We are one of that growing band of designer-led startups and believe we have a strong design-led culture. We’ve also invested heavily in content in the past 18 months. We’ve published four books, each of which have been downloaded by tens of thousands of readers. We have a well-regarded podcast featuring conversations with builders and makers in our industry that we respect.
We paid close attention to hierarchy, typography and illustration in order to create a connected and organized experience.
Earlier this spring we moved into live content: Inside Intercom spawned a world tour, and the talks from that tour are in turn captured for posterity on the blog (Yeah, we know it’s kind of meta). We have a team of content marketing managers – Adam in San Francisco and Geoffrey in Dublin – who make sure that as a company we continue to publish high quality content on an almost daily basis.
With all those changes it’s little surprise that the functionality and design of Inside Intercom had not kept up with the content.
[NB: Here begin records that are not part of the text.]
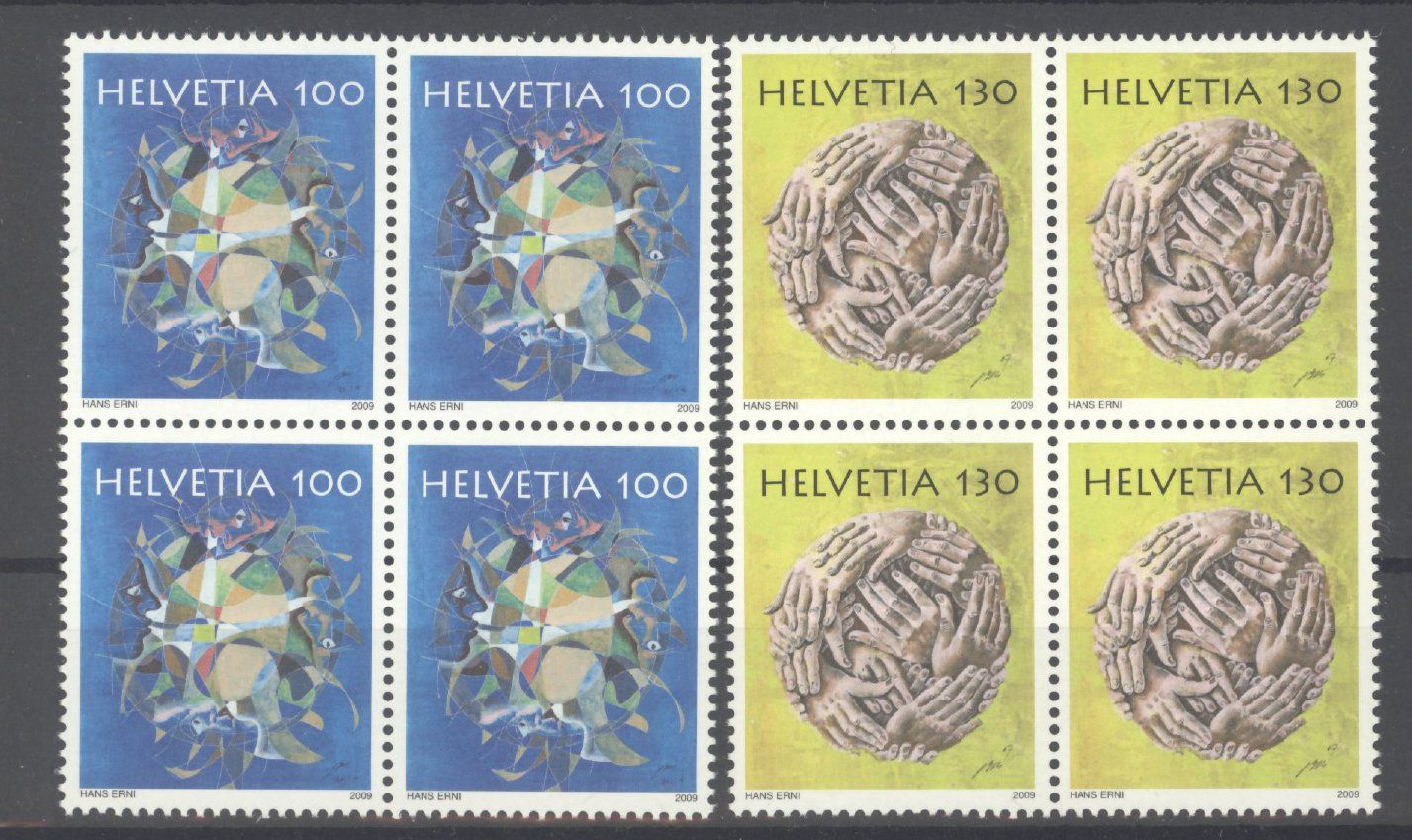 Tutti i francobolli: 2009, Sondermarken Hans Erni, Viererblöcke ** – Usato da Willisau venduto da Vollstempel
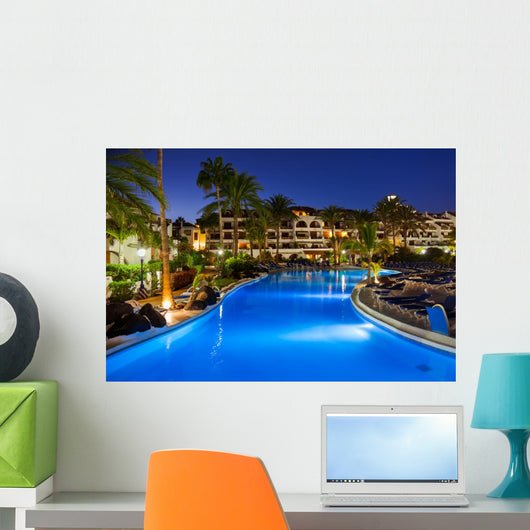 Swimming pool at night Wall Decal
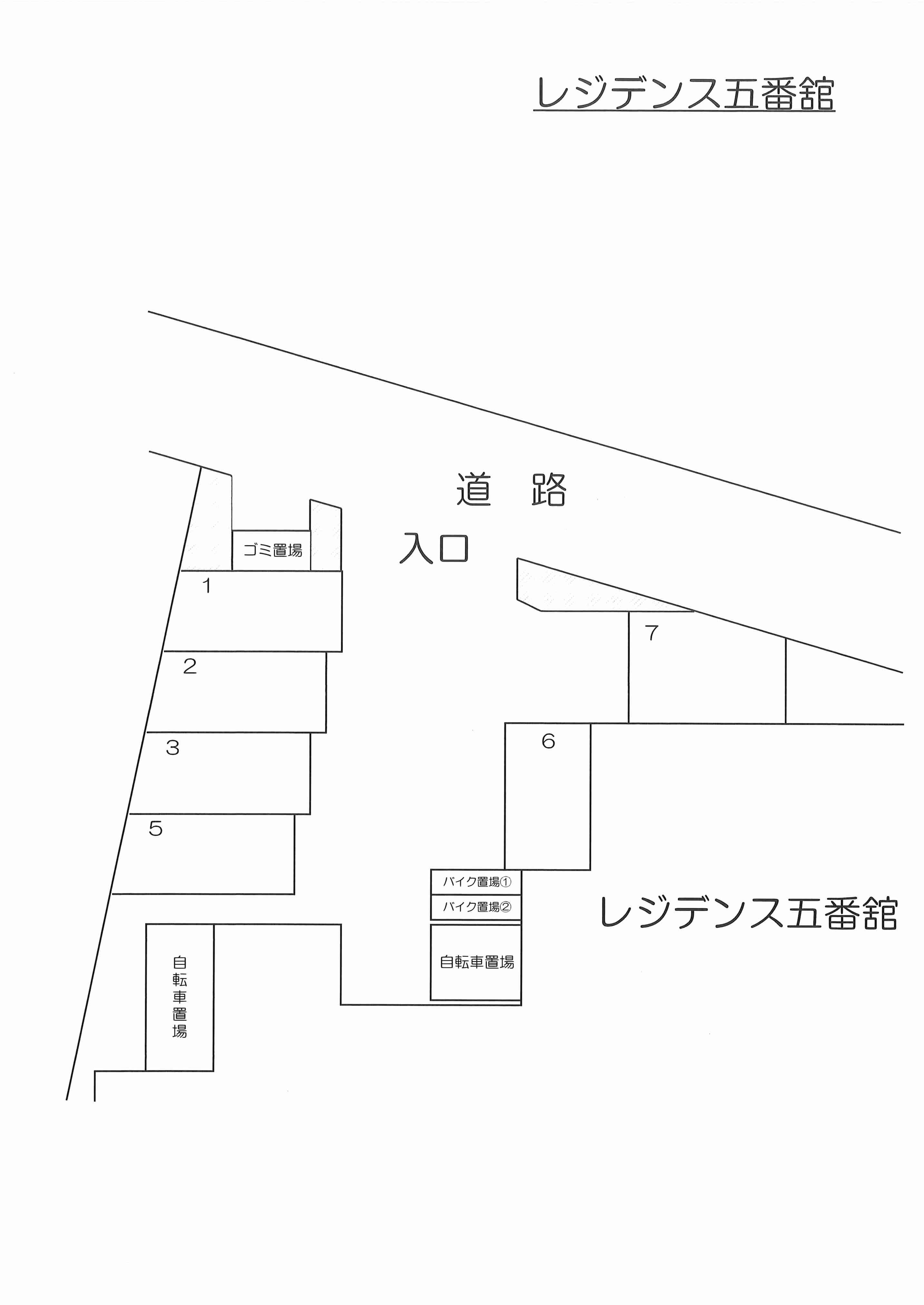 レジデンス所沢五番館駐車場の駐車配置図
E.g. our podcast is now one of our core pillars of content but was hard to find on the blog unless you knew to search for the podcast tag. It’s just one example of how producing more meant the design and functionality that worked for us 18 months ago was creaking at the seams.
The design team kicked things off with a series of sketches. Although we’re proud of the aesthetics of the new design our primary goal was to make it easier for you the reader to discover and consume the content we publish.
You might think it looks and feels like a magazine. That’s because we aim to provide content that’s more akin to a high quality editorial publication, rather than another run of the mill corporate blog. Above you can see a few of the explorations we went through before landing on the current design.
We paid close attention to hierarchy, typography and illustration in order to create a connected and organized experience. To increase visual impact and give the homepage a sharper point of view, we focus on one lead article, followed by secondary and tertiary articles. To build out this hierarchy, it was essential to have a solid grid in place to form the backbone of the design and give pages their structure.
Suffice it to say you can expect it to be much simpler to discover the articles, podcasts, books and videos that make your working life easier.
We recently launched Season 2 of our podcast, and to reflect its popularity it is now fully integrated into the design with its own top level category. We’ve also introduced an inline player so you can listen to episodes where you find them and continue to browse the site.
The podcast is not the only new category regular readers will notice – we’ve also added Startups and Marketing. Inside Intercom has always shared the lessons we’ve learned as Intercom has grown and now you can find all those articles in a single place. Rollover any of the categories at the top of this page to to see the latest stories in that category.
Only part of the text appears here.